Predictive coding tools are supposed to learn to separate relevant documents from non-relevant documents by analyzing examples in a training set provided by a human reviewer. If you tagged a training document as relevant and asked the software to predict whether an exact duplicate or a near-dupe of the very same document was relevant, how annoyed would you be if its answer was “no”? For many (but not all) algorithms, that’s entirely possible.
To see how that can happen, we’ll use the linear support vector machine (SVM) as an example, but the reasoning is similar for many classification algorithms. The documents are viewed as points in a high-dimensional space, where the position of a document is determined by the frequencies of the words in the document or other features being analyzed. This figure conveys the basic idea in two dimensions:
The linear SVM algorithm tries to find the best possible line (technically, a hyperplane when you have more than two dimensions) to separate relevant documents from non-relevant documents for the training set. The details of how it does that don’t matter for this discussion. The important point is that it will often be impossible to separate the relevant documents from the non-relevant documents perfectly with a line (or hyperplane) — there will be some training documents that end up on the wrong side of the line, like the orange dot toward the lower left corner of the figure above.
When the linear SVM model makes predictions for the remainder of the document set, those predictions are based solely on the line (hyperplane) that the algorithm fit to the training data. When you ask it to make a prediction for a document, the fact that the document is extremely similar, or even identical, to one of the training documents is not taken into account. All that matters for the prediction is where the document lies relative to the line. So, if orange dots represent relevant documents, the prediction for a document that is a dupe or near-dupe of the outlier orange document toward the lower left corner of the figure above will be that it is not relevant (the near-dupe will be at nearly the same location as the training document in the figure). This is not limited to linear SVM — any algorithm that cannot fit the training data perfectly will not be able to make correct predictions for near-dupes of the training documents that it couldn’t fit. Effectively, the algorithm overrides the human reviewer’s decision for documents similar to the outlier. That’s perfectly reasonable when an algorithm is applied to noisy data, but is it appropriate for e-discovery?
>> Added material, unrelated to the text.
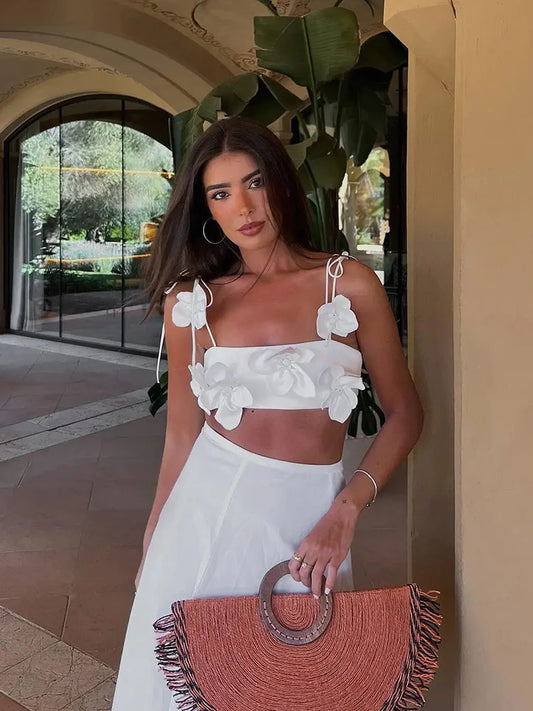 Belle&Kai Women’s Tops – Chic, Comfortable & Versatile Styles-belleandkai.com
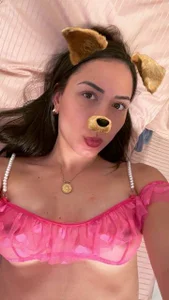 Kat_MatPublic图片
Of course, the outlier training document may have been categorized incorrectly by the human reviewer (it truly is “noise”), and the algorithm’s decision to ignore it in that case would give us a better result. On the other hand, the human reviewer may have categorized the document correctly — there is sometimes more subtlety to understanding documents than can be captured by looking at them as points in word-frequency space.
What does this mean for defensibility? Presumably, predictive coding users are testing the results to ensure that the number of mistakes (relevant documents that were missed) is not too large. If the number of mistakes is small, is that sufficient even if some of the mistakes are embarrassingly bad?
It is possible to paper over this problem. After training the classification algorithm, have it make predictions for the documents in the training set. Identify the relevant training documents that the algorithm predicts (incorrectly) are not relevant, and flag any documents in the full population that are near-dupes (or have high conceptual similarity) of them for human review.
Note: Some have objected to my use of the words “paper over” in the previous paragraph. My reason for putting it that way is that the underlying reason the training document was categorized incorrectly is not being addressed, and any arbitrary cutoff (e.g. manual review of documents that are at least 80% near-dupes) is going to leave some documents (e.g. 79% near-dupes) uncorrected.